In Sonneberg starten am Donnerstag die 22. Jazztage. „Ab Tribute to Frank Sinatra“ lautet das Motto des Jahres. Mit dabei ist wieder Michael Hametner. Der MDR-Redakteur moderiert die Große Jazznacht am Samstag und hat eine neue Ausgabe der Reihe „Texte und Sounds“ zusammengestellt, die am Freitag in Judenbach zu erleben ist. Wir haben mit ihm telefoniert.

Herr Hametner, Sie sind bekannt als der Literatur-Experte des MDR. Sind Sie auch Fan der Jazz-Musik?

Michael Hametner: Ja, das kann man sagen. Ich habe ja auch schon einen beruflichen Weg am Theater hinter mir. Und ich habe lange Zeit das Poetische Theater an der Leipziger Universität geleitet. In den späten 70er, Anfang der 80er Jahre haben wir immer mal nebenbei mit Jazzern gearbeitet. Das brauchten wir nicht zu erfinden – für Jazz – Lyrik – Prosa gabs die großen Vorbilder mit Esche und Krug. Wir haben wie sie witzig freche, kühne Gedichte gesprochen zu Jazzmusik. Da war ich sehr oft mit dabei, da ist meine Leidenschaft für Jazz gewachsen.

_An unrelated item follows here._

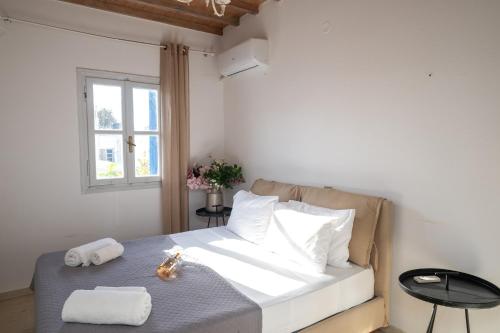 a bedroom with a bed with towels and a window at Mykonos Town Aura Panorama with Private Terrace in Megali Ammos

Was macht denn die Kollaboration zwischen Jazz und Literatur so reizvoll?

Hametner: Das ist dieser freie Geist, den der Jazz hat, und den ich auch in der Literatur suche – und nicht immer finde. Der Jazz hat ganz spannende Strukturen. Wenn man es in die Literatur übersetzt, erzählt er seine Geschichte eben nicht von A nach B, sondern über andere Stationen. Das wünschte ich mir auch in der Literatur. Und dann bin natürlich ein Typ, der schnell auch mal beim Hören der Musik mitwippt.

Wenn Jazz Freiheit heißt: Welcher Autor strahlt dieses Lebensgefühl aus?

Hametner: Es gibt ein frühes Gedicht von Volker Braun, das auch „Jazz“ heißt. Bei dem er jedes einzelne Instrument mit einem Individuum verglichen hat. Es sind viele Charaktere, die miteinander Musik machen. Und so stelle ich mir Jazz auch vor. Es gibt einen anderen Autor, den ich sehr schätze, das ist Ror Wolf. Dessen Texte haben diese Strukturen, die verrückt sind, und das gefällt mir. Und nicht zu vergessen Fritz Rudolf Fries frühen Roman „Der Weg nach Oobliadooh“, wo in den 50er Jahren der Jazz von West-Berlin nach Leipzig geholt wird.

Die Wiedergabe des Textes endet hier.